* [WORK ORDER] The lines to repeat are those below from the one containing "Ugg Scuff Graphic" down to the one containing "Good Hot Vintage", both included; reproduce them exactly and nothing else.

* [EXERCISE MATERIAL]
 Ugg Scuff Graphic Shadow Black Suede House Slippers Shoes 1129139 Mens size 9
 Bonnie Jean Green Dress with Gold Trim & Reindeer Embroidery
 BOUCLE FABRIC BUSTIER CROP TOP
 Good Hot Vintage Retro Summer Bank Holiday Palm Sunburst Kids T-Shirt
--
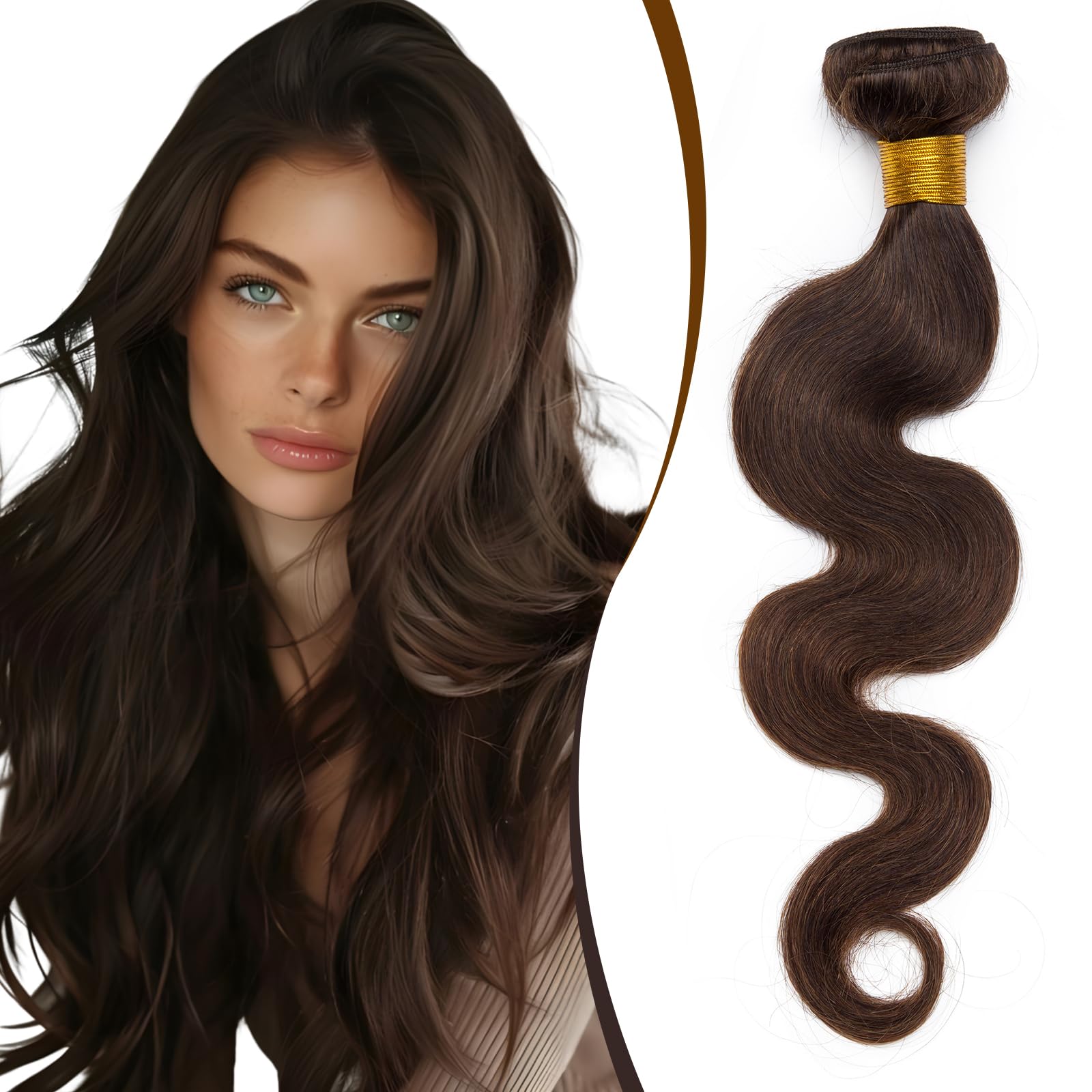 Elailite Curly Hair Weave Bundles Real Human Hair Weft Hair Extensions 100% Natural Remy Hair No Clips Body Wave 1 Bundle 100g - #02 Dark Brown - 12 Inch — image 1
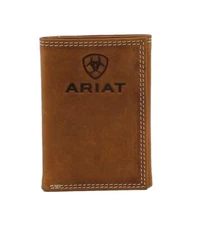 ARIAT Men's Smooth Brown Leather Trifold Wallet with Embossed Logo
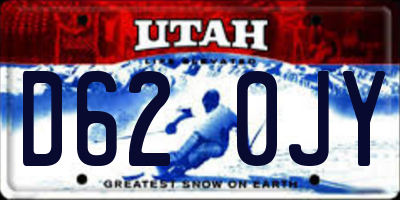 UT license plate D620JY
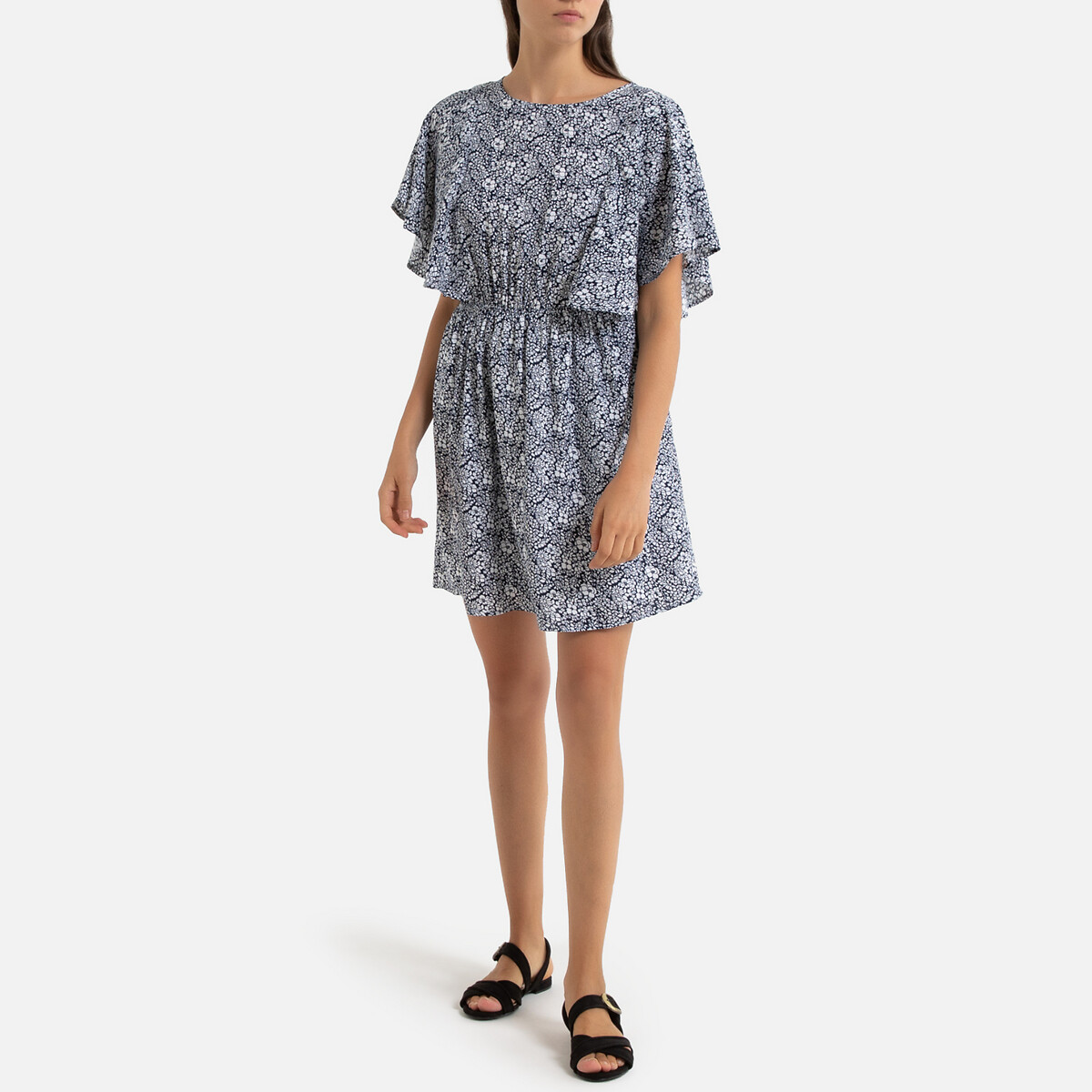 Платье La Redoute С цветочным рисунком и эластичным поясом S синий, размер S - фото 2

* [ANSWER]
 Ugg Scuff Graphic Shadow Black Suede House Slippers Shoes 1129139 Mens size 9
 Bonnie Jean Green Dress with Gold Trim & Reindeer Embroidery
 BOUCLE FABRIC BUSTIER CROP TOP
 Good Hot Vintage Retro Summer Bank Holiday Palm Sunburst Kids T-Shirt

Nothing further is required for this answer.